CHARLESTON, W.Va.--Voters can expect Democratic acting Gov. Earl Ray Tomblin and Republican businessman Bill Maloney to talk a lot about jobs and who will be better at getting more of them in West Virginia.
Both men won decisive victories in their respective party's primary Saturday. Now they are gearing up for the Oct. 4 special gubernatorial election, for about a 14-month stint in the Governor's Office.
Early conversations with campaign and party officials suggest this could resemble the U.S. Senate race last year between then-Gov. Joe Manchin and Republican businessman John Raese.
Now, just as then, Republicans are planning to draw a contrast between their candidate, a businessman, and a "career politician." Tomblin has spent much of his life in politics and Maloney is making his first run for elected office.

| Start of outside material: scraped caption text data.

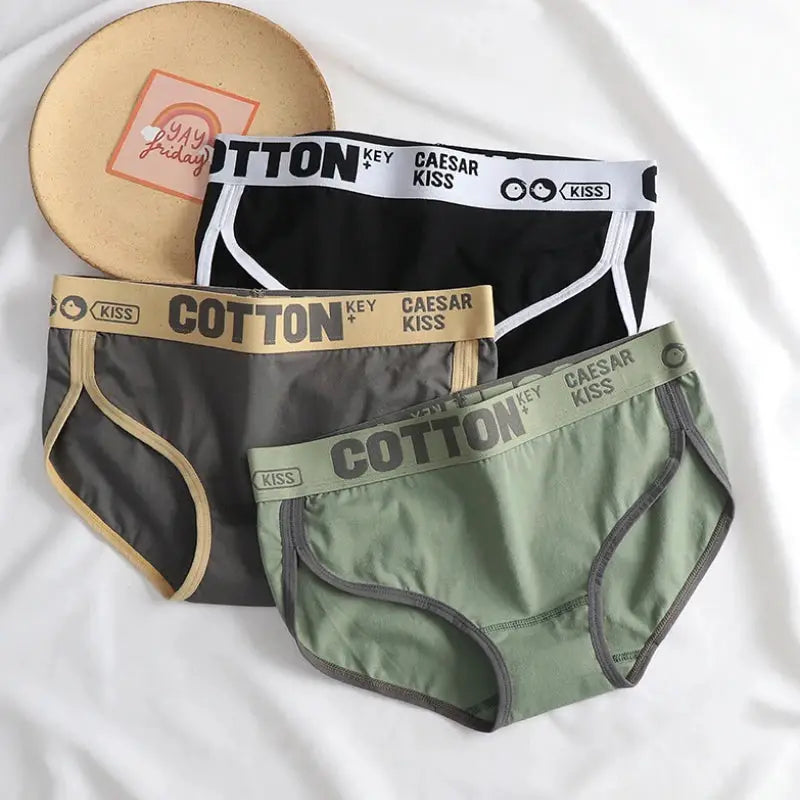 Women cotton briefs three-pack in black, gray, and sage green with seamless design and contrasting waistbands.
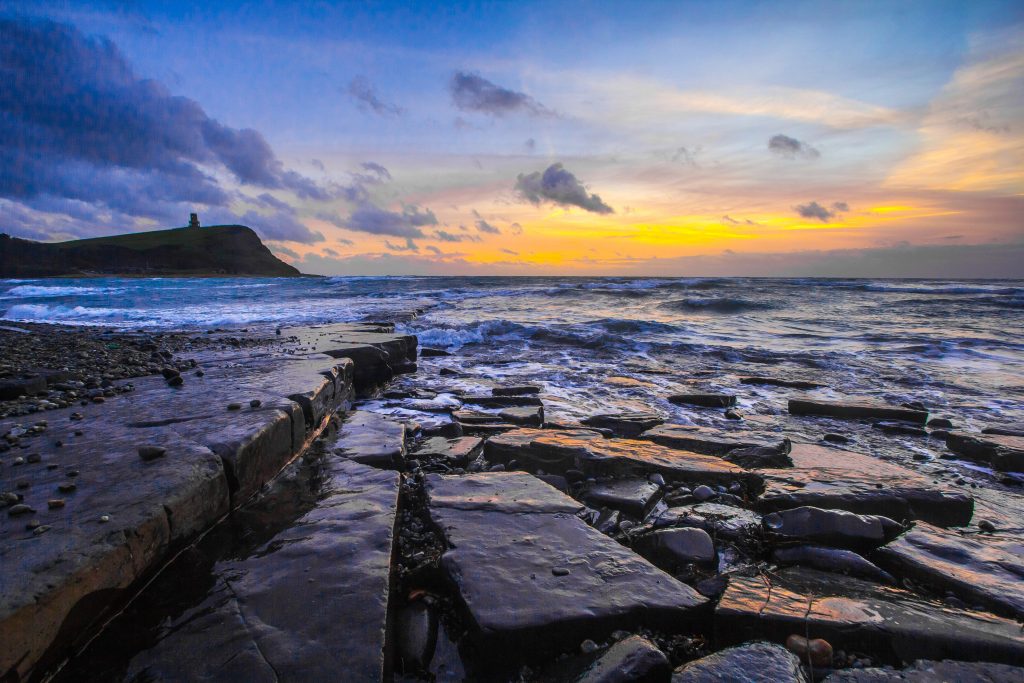 Rectangular rock stacks on the beach in Kimmeridge Bay around sunset with choppy sea beyond them and a low headland topped with a small round tower on the far side of the bay, with blue sky and a bright orange glow above the horizon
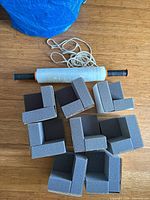 Overall lot showing foam protectors, wrap dispenser, blue bag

"Do we want some of the same old folks running the state or do we want new perspectives, new ideas and new people? Do we want a governor who is going to demand results from the government rather than be part of the same old Charleston scene?" Maloney campaign spokesman Matt Dabrowski said Sunday afternoon.
Now, just as then, Democrats are hoping West Virginia voters may find the Republican's positions too extreme for their tastes.
"I think we'll find Maloney has some ideas that are kind of out there," said Tomblin campaign spokesman Chris Stadelman.
That's a tactic Manchin's campaign used successfully against Raese.
Raese had suggested an expensive space-based laser defense system, for instance. But it's not clear yet what positions might be used against Maloney.
Now, just as then, Democrats are also hoping to paint their candidate as a fiscal conservative. Now, just as then, Republicans are arguing Democrats are to blame for the state's ills.
A key talking point from Republicans over the past few years has been how West Virginia remains at the bottom of so many lists — highlighting its low income, poor health and underperforming schools — after decades of Democratic control of the Legislature.
The Tomblin camp, in turn, is pointing out that Tomblin helped fix some of the long-term problems created by earlier generations of leaders by helping pay off massive unfunded liabilities. Tomblin is the state's longest-serving Senate president. By virtue of holding that title, he began acting as governor following the departure of Manchin for the U.S. Senate.
"I think Earl Ray Tomblin has a great track record of improving the state's condition, fiscally in particular," Stadelman said. "We've taken care a lot of long-standing issues while he's been in key positions."
Dabrowski replied, "I'd say, he's been up there almost 40 years, is he suggesting that he's part of the problem in Charleston despite being in a leadership position for 36 years?"
The Manchin-Raese, Maloney-Tomblin race isn't identical, of course.